David Olusoga (second from right) at the BAFTA TV Awards 2016 (Ian West/PA Wire)
David Olusoga (second from right) at the BAFTA TV Awards 2016 (Ian West/PA Wire)

Presenter David Olusoga has said he would “die in a ditch for the BBC” because television showed him a world beyond his own tough circumstances when he was a child.

The historian, 49, was born to a white British mother and a black African father and raised in a council house on the south bank of the Tyne, and said he was “brought up amid a lot of violence” and suffered racist attacks.

Television, he told Radio Times magazine, showed him what was outside of his own environment and allowed him to learn from people such as historian and broadcaster Michael Wood and Sir David Attenborough.

He said: “We were a mixed-race family on a council estate and it was really, really difficult.

“I used to come out of school in Gateshead and would walk until I found a bus stop with a white person at it because buses didn’t stop for black people.

“Sometimes my sisters and I would walk all the way home because we never got to a bus stop where there was a white person.”

Olusoga went on: “You can’t say you had a happy childhood when people were trying to drive you out of your home.

I was brought up amid a lot of violence.
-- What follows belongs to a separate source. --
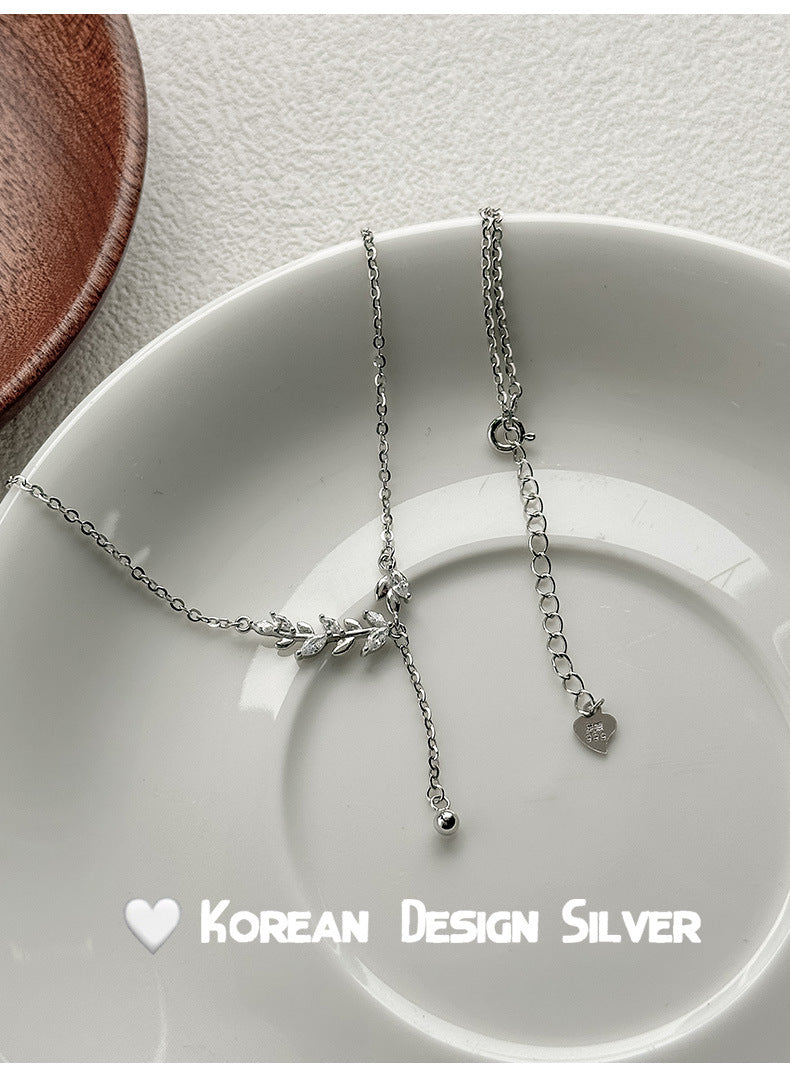 999 Silver Moon Harvest Necklace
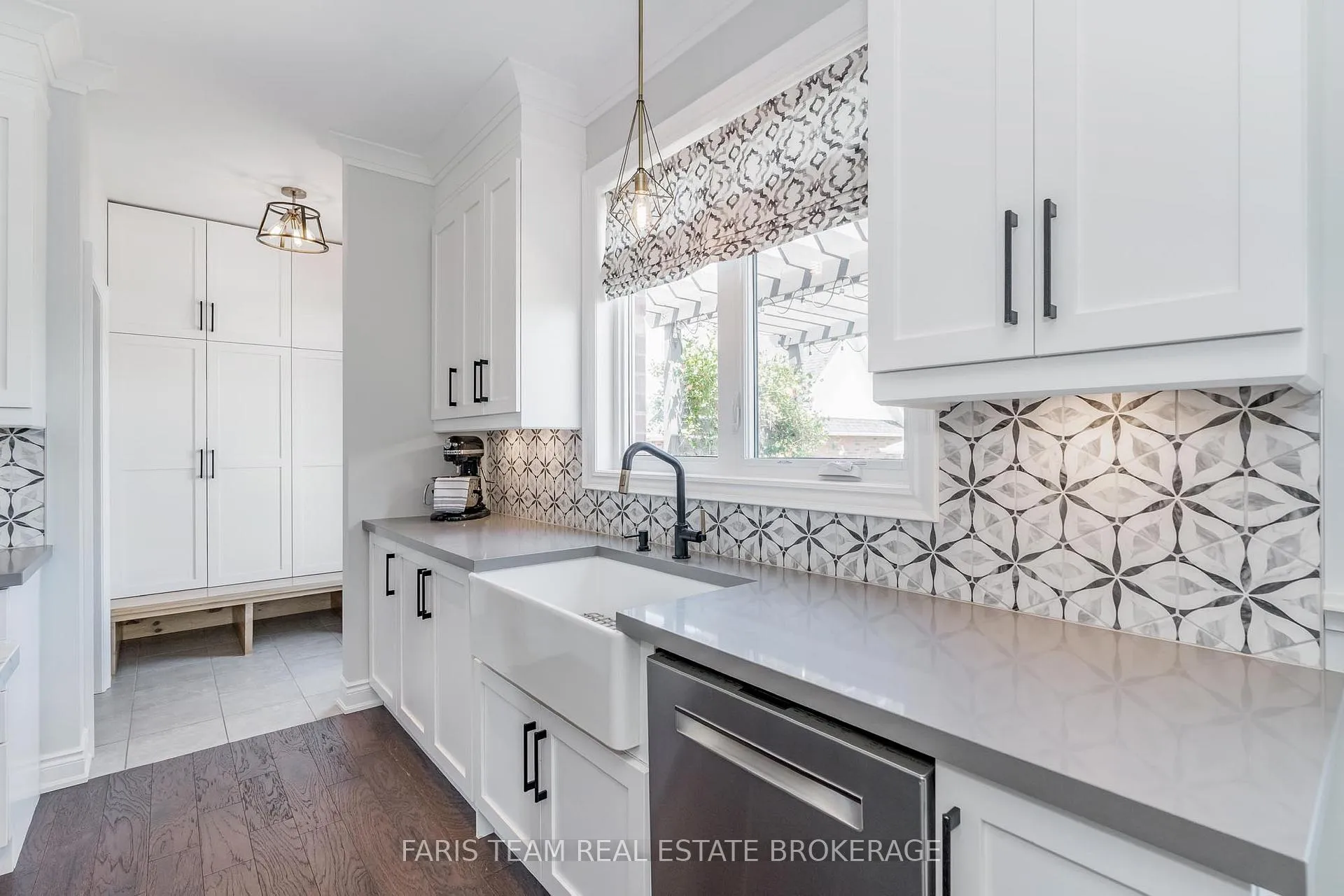 Photo 10 of 38 Nelson Street, Clearview, Creemore — HOMEH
There was violence at school and there was also violence from older men outside of school.

“Black people were just hated. I was even attacked on the Tube when I was 15, on a school trip to London. The 80s was a violent time.”

The presenter said hope came from watching television, and added: “We had no money, but my mum would circle things in the Radio Times and say, ‘Watch this’. That way she opened up the world to her children.

“I bought my first book on art because I watched Artists and Models on BBC Two in 1986.

“When I was a teenager I went backpacking because I wanted to see the animals David Attenborough had shown me.

“My interest in history came from seeing Michael Wood’s TV film about 1066 [In Search Of William The Conqueror, 1981].

“I’d die in a ditch for the BBC. It showed me a world beyond my circumstances.”

Olusoga discusses his forthcoming show A House Through Time in this week’s Radio Times, out on Tuesday.